If you answer that it is not acceptable and doing nothing is not an option, there are lessons that the business of sport could teach you. Before I share these lessons, I would like to provide an observation.
“In all my years of following professional sport I have not observed a team make a significant move in the standing without changing personnel.”
For those of you in non-sport organizations I understand this is an emotional topic. You may agree that likely it is not possible for your organization either and at the same time are reluctant to have the difficult conversations and make the difficult people decisions to move up in the standings. I feel that in your organization as sport those discussions can take place and decisions made while still being very respectful of the people involved.

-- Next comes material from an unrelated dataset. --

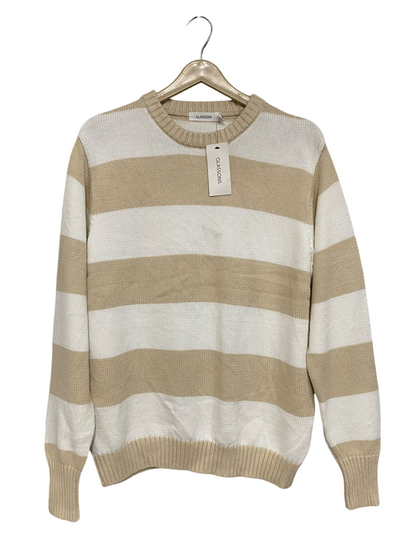 GLASSONS |XS| BUST 21| A60| CAMEL AND WHITE STRIPED CREWNECK TECHNICAL UTILITY SWEATER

Now let me share with you the lessons that I believe can be learned from sport. First is to create a culture of accountability at all levels and secondly it is all about the talent.
Imagine a team you may follow and how they changed their fate. A simple team model would consist of the owner, executive, management, coaches and players. When the owner decides that they want to move up, it is not only about the players: the accountability is at all levels. If the talent is not there to compete then some players may be changed and added. It is more common that an analysis is done of the complete organization. Do they have the executive to take the goals and develop a strategy to execute? Have they built the organization to deliver? At the management level, have they set the structure and hired the right people to identify, recruit, select and develop the players needed to achieve? When we look at the coaches, are they the right ones to get the best from the players and give them the opportunity to succeed?
It has been my experience that organizations tend to focus too much at the player level without the analysis. Just like sport, the visible deficiencies become apparent on the frontline.
Could you imagine a sports team saying, a player was just injured or is retiring soon we need to look for a replacement? In the business of sport, talent is in focus and the topic of discussion all the time. They are always looking for the talent that can make them better, while developing the talent they currently have. They look throughout their own organization as well as competitors and even non-sport related organizations for the best talent. It is also important to note that this search is everyone’s responsibility from owner to players. I have observed as well that when it comes to making the decision on changing or adding talent, ownership and executive are fully involved.
Are you ready to move up in the standings, build accountability, take an active role in the process and prepared to make the necessary decisions?